Wildfire smoke: how it affects wine and weed industries

JOSEPHINE COUNTY, Ore.– The unwelcome smoke in southern Oregon is bad for business and it could even have negative effects on the crops.

Different industries have different takes on what the smoke will do with some saying it’s too early to tell while others saying things are good right now. All agree though if the smoke continues to choke the valley, there could be problems.

At Alter Farms, near Merlin, plumes of smoke can be seen rising just over the hill where the Taylor Creek Fire has continued to burn.
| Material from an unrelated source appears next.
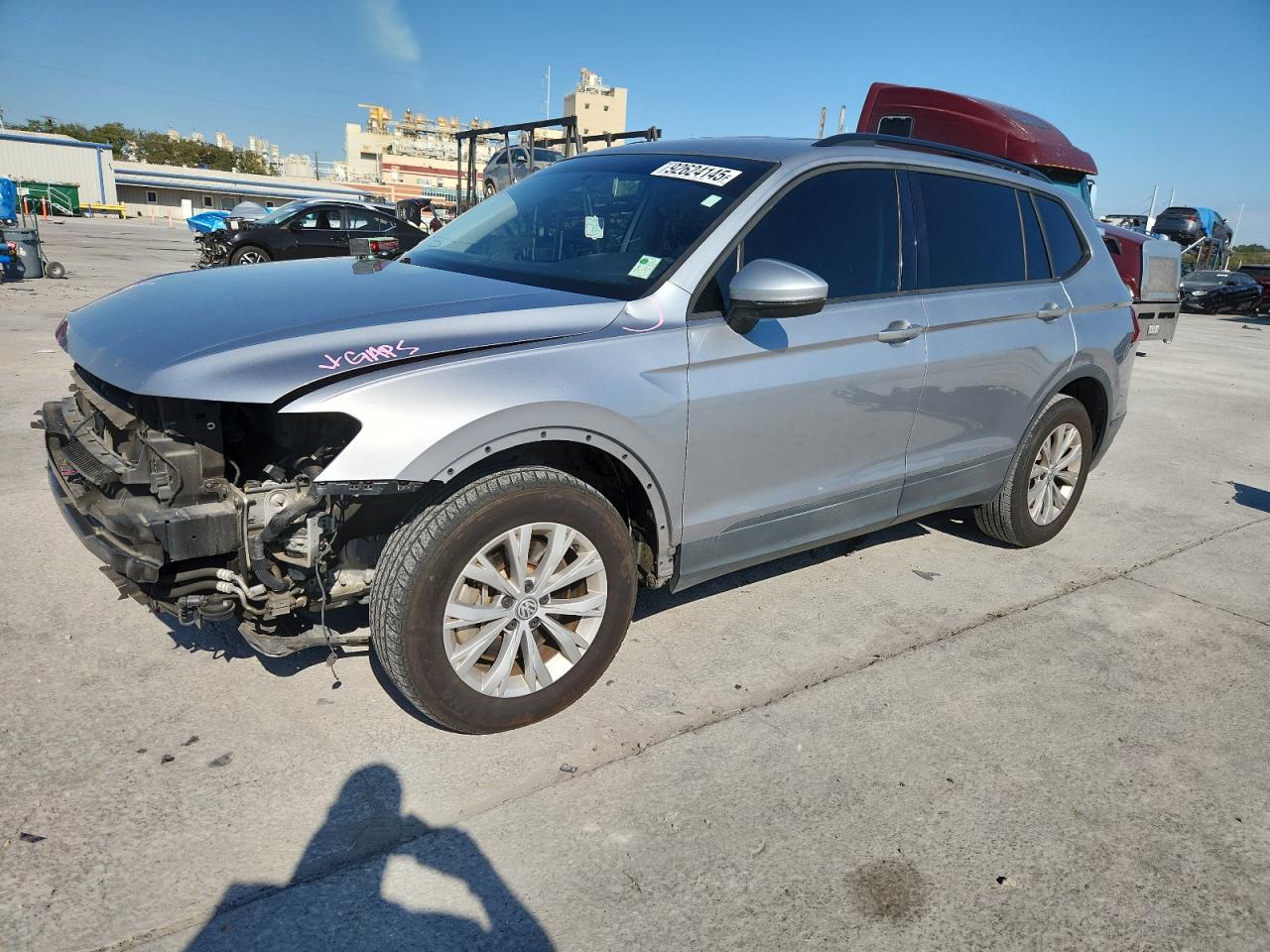 Volkswagen Tiguan S Image 1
Being so close to the fire, the farm and it’s employees have dealt with many days of heavy smoke.

“The smoke is not easy to breathe in so we provide everybody with masks and shorter days so they don’t have to be subjected to the bad air quality as much,” said Cody Alter, owner. “So it’s slowing down the progress we would have on the farm unfortunately.”

While production might be slower Alter says for the plants, the smoke isn’t bad.

“We still have brighter light currently than you would in an indoor grow room so the light levels are not bad for the plants and with our smaller, later plantings,” he said. “They’re actually enjoying the overcast.”

Further away in the Applegate Valley, smoke still hangs in the air but it’s not quite as thick.

“Certainly this is one of the earliest years we’ve ever seen,” said Greg Paneitz, owner of Woodridge Creek Winery.

It may not be bad on the Tuesday morning Paneitz met with NBC5 News but there are days where it can be. How the grapes fare through it all is the question though.

“You know the jury is still out as far as whether it will affect the grapes,” said Paneitz. “It’s not particular good for business as people don’t want to be out and about while there is smoke out there.”

The winery holds several events including weekly music sessions for guests to enjoy. Those are usually held outside but with the early smoke this year it’s been hard to have as many. But the winery has been able to make the best of the situation so far by adapting and spending less time outside.

“We had some folks from the Britt orchestra here over the weekend and you know what, I think a lot of people decided to do is maybe if it’s gonna be three hours outside, lets do two or one,” he said. “Lets limit the exposure rather than canceling entirely.”

In the long term however, if the smoke doesn’t clear, it could hurt each businesses product, more than it’s productivity.

“I really don’t think it’s going to affect production really in any measurable way,” said Alter. “The only scary thing is if these wildfires persist and we have a heavy blanketing of ash on older mature flowers.”

Alter says the heavier the ash on the plants the less light they get for growing and the impacts can also degrade the quality of their product when it comes time to harvest.

For now, farmers are taking it a day at a time and trying their best to make do with the current situation.